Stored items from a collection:
● ● ●

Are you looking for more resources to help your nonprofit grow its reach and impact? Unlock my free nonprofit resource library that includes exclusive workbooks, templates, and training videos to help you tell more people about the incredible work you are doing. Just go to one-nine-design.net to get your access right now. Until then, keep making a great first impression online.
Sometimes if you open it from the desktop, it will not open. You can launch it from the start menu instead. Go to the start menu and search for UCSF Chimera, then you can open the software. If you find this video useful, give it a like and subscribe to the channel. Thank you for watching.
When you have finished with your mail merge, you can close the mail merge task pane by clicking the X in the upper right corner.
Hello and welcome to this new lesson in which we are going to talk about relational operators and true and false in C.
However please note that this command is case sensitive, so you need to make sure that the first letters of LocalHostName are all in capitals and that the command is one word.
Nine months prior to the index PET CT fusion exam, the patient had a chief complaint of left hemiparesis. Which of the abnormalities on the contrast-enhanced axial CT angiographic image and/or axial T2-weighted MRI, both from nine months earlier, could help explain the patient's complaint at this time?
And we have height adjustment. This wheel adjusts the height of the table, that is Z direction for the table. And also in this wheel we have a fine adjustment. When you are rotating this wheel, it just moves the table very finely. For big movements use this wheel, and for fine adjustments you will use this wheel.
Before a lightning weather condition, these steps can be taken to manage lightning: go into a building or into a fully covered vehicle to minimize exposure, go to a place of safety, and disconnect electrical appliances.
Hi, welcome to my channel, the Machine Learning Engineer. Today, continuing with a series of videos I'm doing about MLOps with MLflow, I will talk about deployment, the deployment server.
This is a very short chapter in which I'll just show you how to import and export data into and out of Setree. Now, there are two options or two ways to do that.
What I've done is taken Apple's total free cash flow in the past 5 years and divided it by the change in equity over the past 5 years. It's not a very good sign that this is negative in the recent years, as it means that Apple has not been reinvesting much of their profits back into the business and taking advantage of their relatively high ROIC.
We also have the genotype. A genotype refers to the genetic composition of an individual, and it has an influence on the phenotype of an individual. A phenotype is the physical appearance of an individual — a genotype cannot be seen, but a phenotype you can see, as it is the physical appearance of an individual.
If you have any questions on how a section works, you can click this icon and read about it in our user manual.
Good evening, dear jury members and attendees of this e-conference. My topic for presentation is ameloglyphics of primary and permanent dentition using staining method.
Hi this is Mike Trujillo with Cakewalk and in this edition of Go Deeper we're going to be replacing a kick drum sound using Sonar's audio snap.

● ● ●

*Problem*.
All lines in the records with the string "help" should be copied out.

*Exercise output*.
Are you looking for more resources to help your nonprofit grow its reach and impact? Unlock my free nonprofit resource library that includes exclusive workbooks, templates, and training videos to help you tell more people about the incredible work you are doing. Just go to one-nine-design.net to get your access right now. Until then, keep making a great first impression online.
Nine months prior to the index PET CT fusion exam, the patient had a chief complaint of left hemiparesis. Which of the abnormalities on the contrast-enhanced axial CT angiographic image and/or axial T2-weighted MRI, both from nine months earlier, could help explain the patient's complaint at this time?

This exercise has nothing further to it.